One Life · Salle de lecture

Omar Khayyām, vers 1120

Quatrains

Un mathématicien et astronome persan a écrit des poèmes de quatre vers sur la seule Vie que nous puissions vérifier. D'après la version de FitzGerald :

← Retour à la salle de lecture

Ah, profitons de ce qu'il nous reste à dépenser, avant que nous aussi descendions dans la poussière ; poussière dans la poussière, et sous la poussière, couchés — sans vin, sans chant, sans chanteur, et sans fin.

Les uns pour les gloires de ce monde ; les autres soupirent après le paradis promis à venir. Ah, prends l'argent comptant, laisse aller le crédit, et n'écoute pas le grondement d'un tambour lointain.
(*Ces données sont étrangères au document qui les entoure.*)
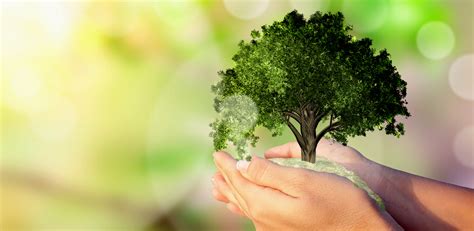 India Signs COP15 Deal, But Concerns Over Undermining Biodiversity Act ...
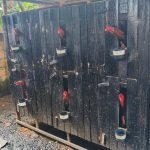 Polícia fecha rinha clandestina e resgata 23 galos em Pauini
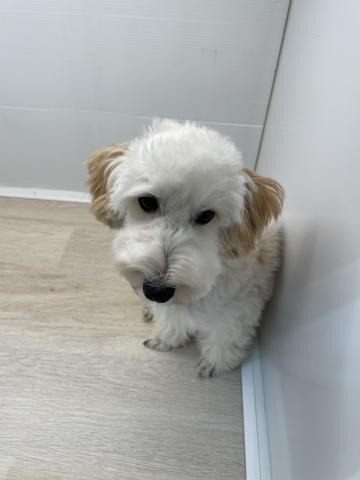 MIXトイプードル×マルチーズ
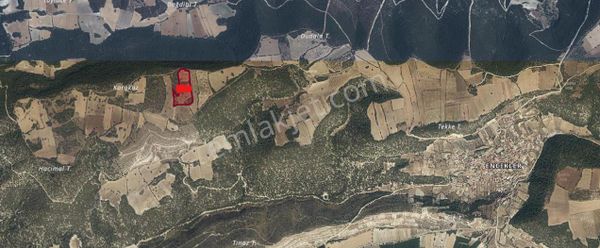 Kula'da Satılık 29162 M2 Tarla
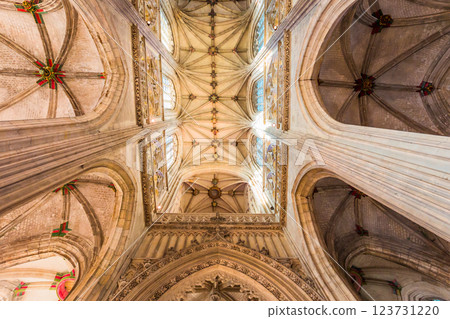 interiors of Saint Vulfran collegiate, Abbeville, France 123731220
Le doigt qui écrit écrit ; et, ayant écrit, s'en va : ni toute ta piété ni tout ton esprit ne le ramèneront effacer une demi-ligne, ni toutes tes larmes n'en laveront un mot.

Et si le vin que tu bois, la lèvre que tu presses, finissent dans ce en quoi tout commence et finit — oui : pense alors que tu es aujourd'hui ce que tu étais hier — demain tu ne seras pas moins.

Ne gaspille pas ton heure, ni dans la vaine poursuite de tel ou tel effort et de telle dispute ; mieux vaut être joyeux avec la grappe féconde que s'attrister après nul fruit, ou après un fruit amer.